British naval officer and Whig politician

Rear-Admiral Lord John Hay (1 April 1793 – 9 September 1851) was a British naval officer and Whig politician.

==Naval career==
The third son of George Hay, 7th Marquess of Tweeddale, Hay entered the Navy in December 1804, appearing on the books of HMS Monarch. However, this was probably a nominal enrollment to increase his seniority. Hay's first real service was probably aboard HMS Seahorse, beginning in December 1806. He saw considerable action aboard Seahorse (42) on the Mediterranean station, under Captain John Stewart, losing his left arm on a cutting-out expedition in Hyères Bay in 1807. Hay was present during the Seahorses epic fight, on 5 July 1808, with the Badere Zaffer (52) and Alis Fezan (24), which ended with the capture of the Badere Zaffer and the sinking of the Alis Fezan.

He was promoted lieutenant on 1 May 1812, and was appointed to HMS Pique, going to the West Indies station, on 1 June. He transferred to HMS Venerable on 31 May 1814 and was promoted commander on 15 June. On 15 November, Hay joined HMS Bustard, off Lisbon, and was given command of the sloop HMS Opossum in 1815. Opossum served in the Channel and on the North American station until paid off on 5 August 1818. He was made a post-captain on 7 December. On 23 July 1823, he was appointed a deputy lieutenant of East Lothian.

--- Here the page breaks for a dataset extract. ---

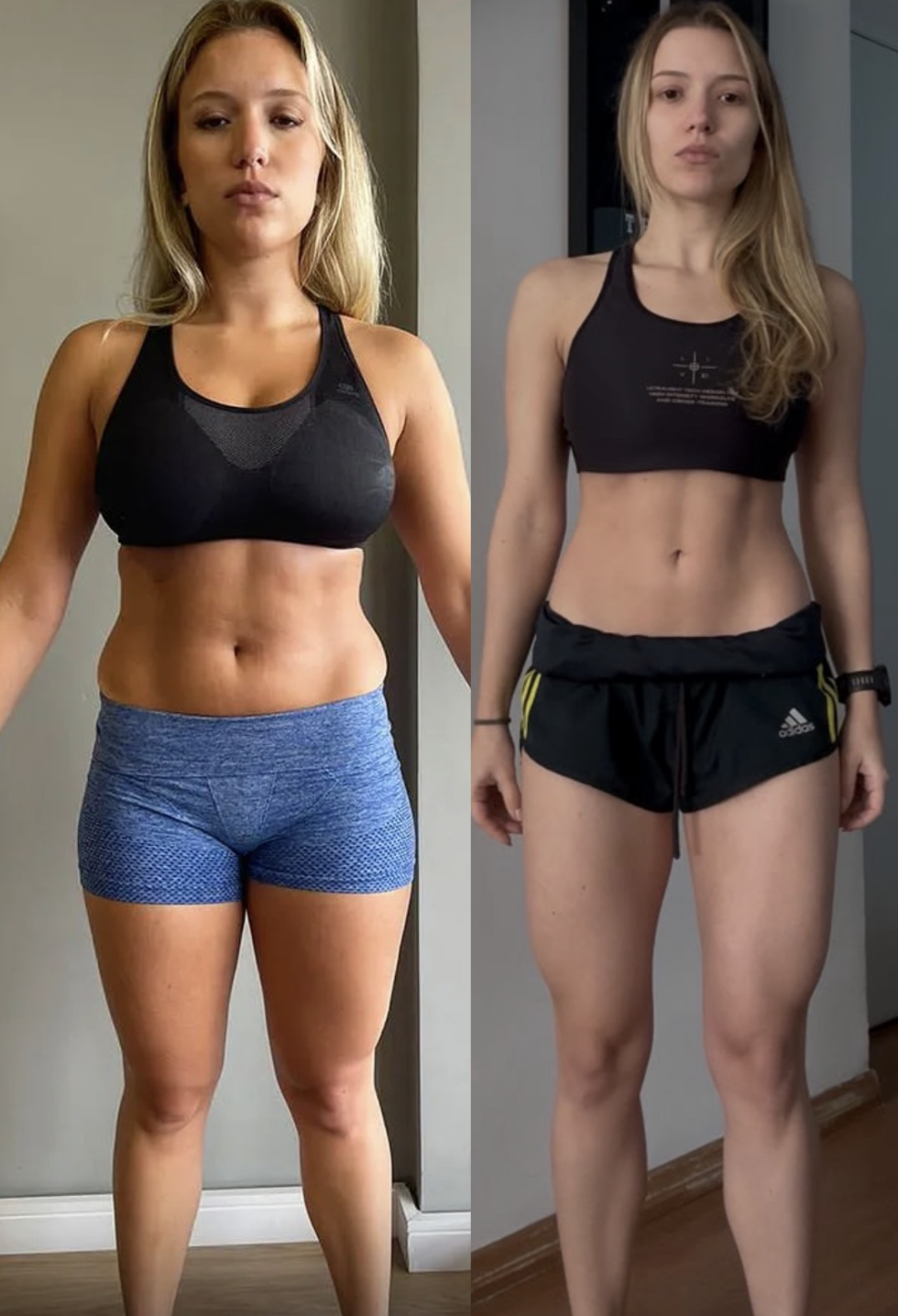 Antes e depois – aluno Letícia Galdoni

In 1826, he was returned as Member of Parliament for Haddingtonshire. However, due to his Whig connections, he was unable to obtain another command until 24 December 1832, when he was given the new frigate HMS Castor. In 1833, he received a medal from the Society for the Encouragement of the Arts for inventing a telescope-holder that could be used by a one-handed man. On 19 November 1836, he was transferred to the paddle sloop HMS Phoenix, and on 8 March 1837 to HMS North Star, which he commanded until 1840.

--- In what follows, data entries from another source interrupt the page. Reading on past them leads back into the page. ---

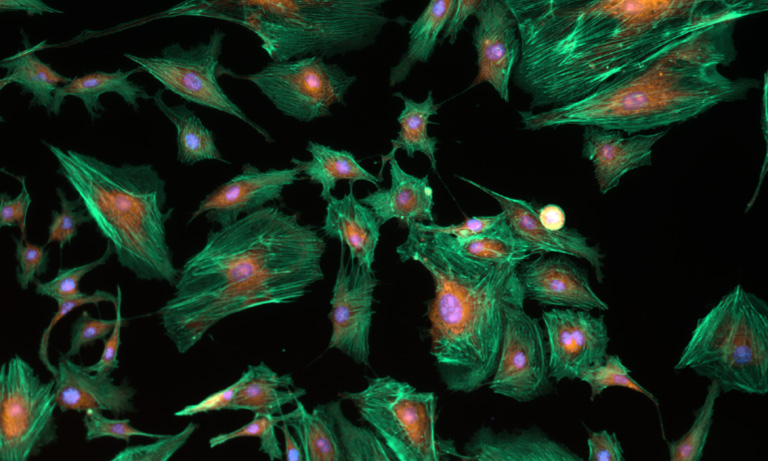 Fluorescence Imaging
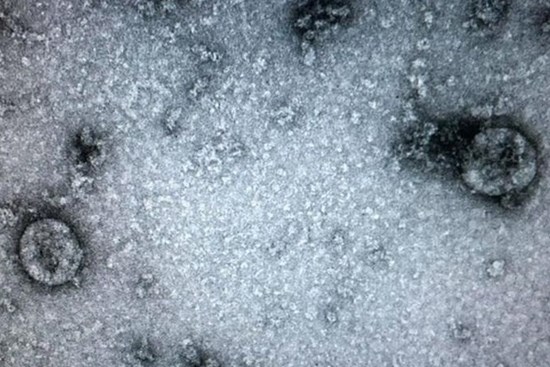 'Virus gây bệnh Covid-19 ở Việt Nam đã tiến hóa'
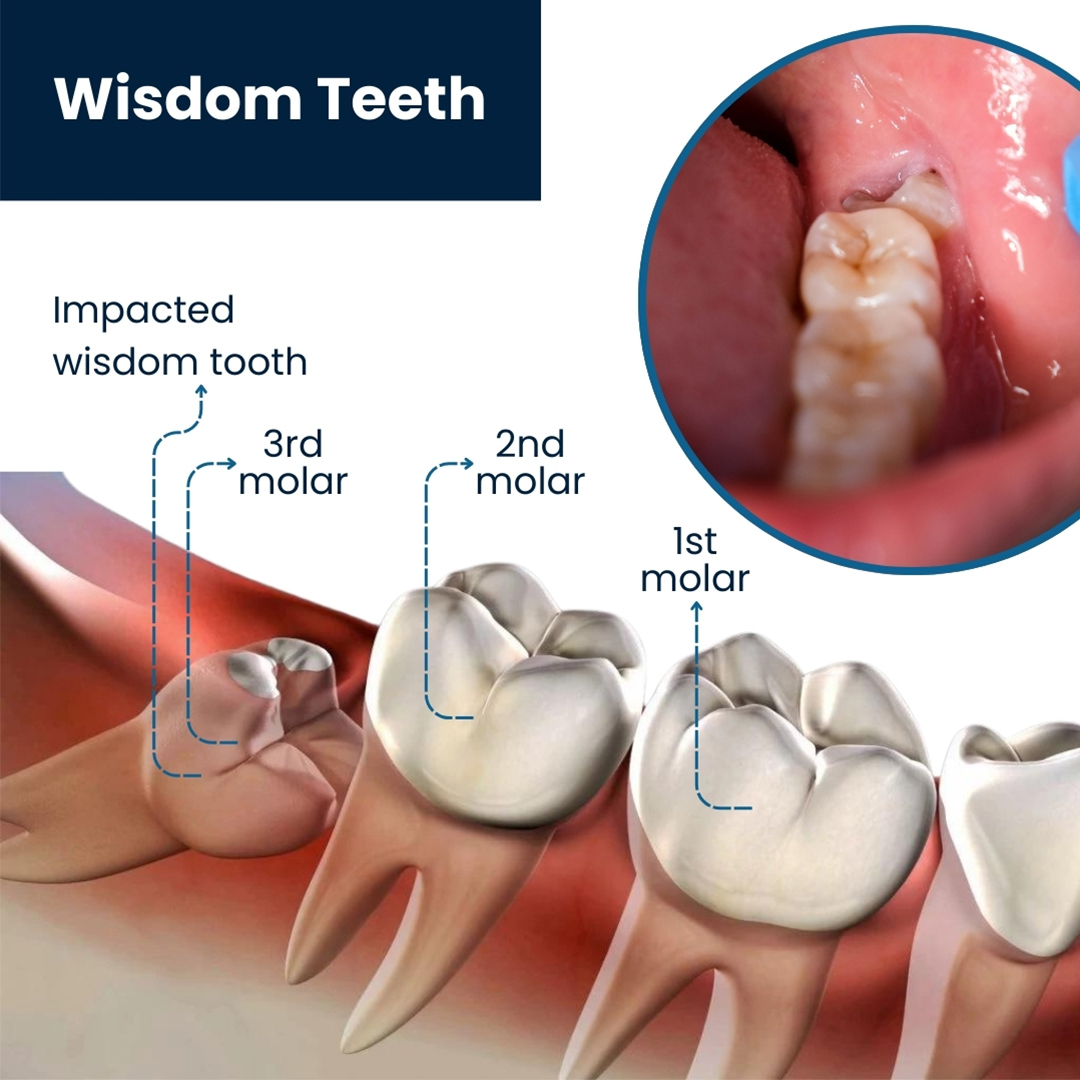 Wisdom teeth removal illustration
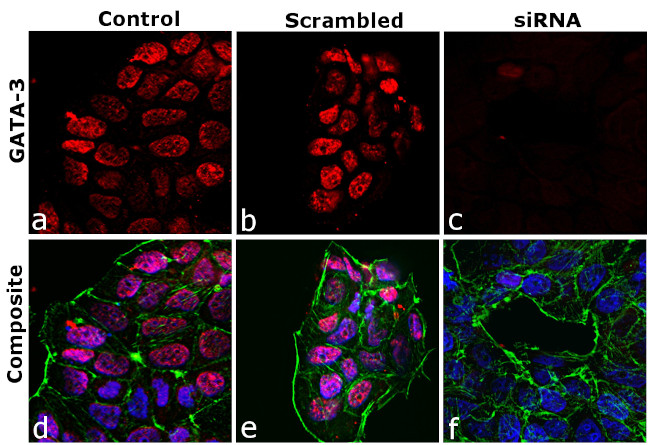 GATA-3 Antibody in Immunocytochemistry (ICC/IF)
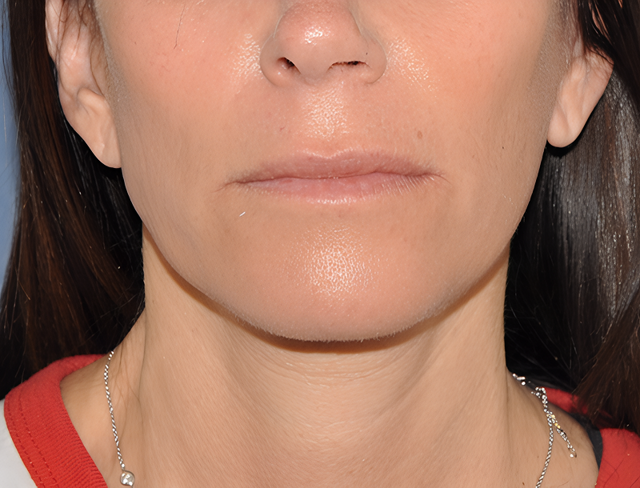 Facelift after at The Clinic of Facial Plastic Surgery in Buffalo, NY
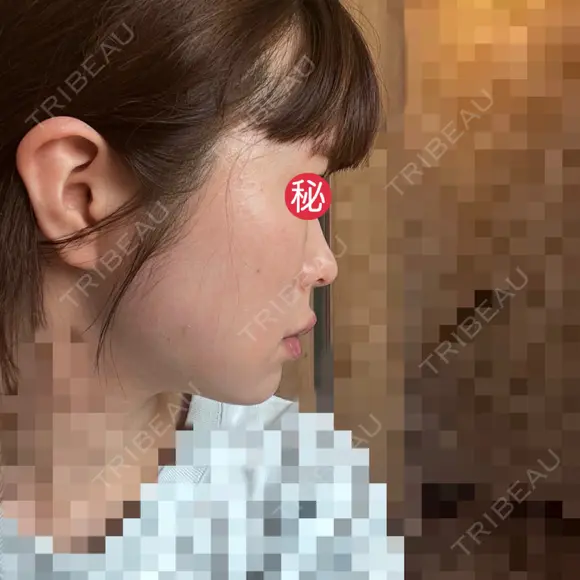 糸リフト / ボトックス（あご） / ヒアルロン酸注入（あご） / ボトックス（エラ・小顔） / ヒアルロン酸注入（唇） / ボトックス（口角） / ヒアルロン酸注入（額） / ヒアルロン酸注入（頬） / ヒアルロン酸注入（目の下） / ボトックス（眉間） / ボトックス（額） / ボトックス（人中） / ヒアルロン酸注入（鼻翼基部） EMMO FACE CLINIC 大宮院 DAY 3 メイン用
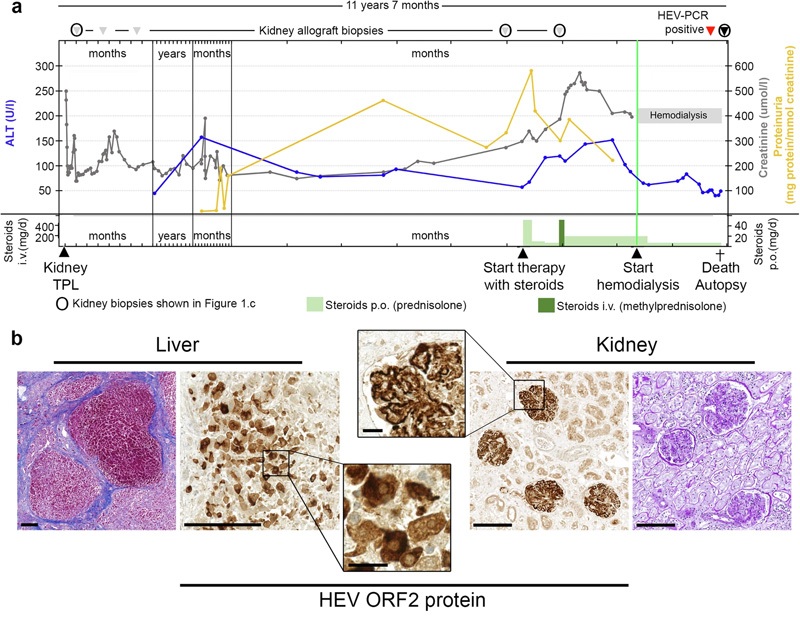 
戊型肝炎腎移植受者膜增殖型免疫復(fù)合物腎小球腎炎的臨床過程、尸檢結(jié)果和逐漸發(fā)展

During much of this time, Hay acted as commodore of a squadron off the northern coast of Spain, with a naval brigade providing support for the Spanish government during the First Carlist War. For his actions during the war, particularly in helping to defend Bilbao, he was made a Companion of the Bath and received the Grand Cross of the Order of Charles III. After the war, Hay commanded HMS Warspite on the North American and West Indies station from 17 August 1841 to October 1845. It was Warspite which, in 1842, carried Lord Ashburton to America to negotiate the Webster-Ashburton Treaty. After briefly serving as superintendent of Woolwich Dockyard, Hay was returned as Member of Parliament for Windsor in 1847. He was also appointed Fourth Naval Lord in 1846 and Third Naval Lord in 1847.

Hay chaired the "Committee of Reference" that resulted in the retirement of Sir William Symonds as Surveyor of the Navy. However, Hay's own attempts at directing steam warship design, despite his interest in the subject, proved unsuccessful. The committee was disbanded, design placed in the hands of Symonds' successor, Sir Baldwin Walker, and Hay removed from the Board and made superintendent of Devonport Dockyard on 9 February 1850. Hay also resigned from Parliament by becoming Steward of the Manor of Northstead at this time. He was promoted rear admiral on 7 September 1851, hoisting his flag aboard HMS St George, but died two days later.

==Family==
In 1846, Hay married Mary Anne Cameron (died 30 November 1850), daughter of Donald Cameron, 22nd Lochiel: they had no children.

==See also==
- O'Byrne, William Richard (1849). "A Naval Biographical Dictionary"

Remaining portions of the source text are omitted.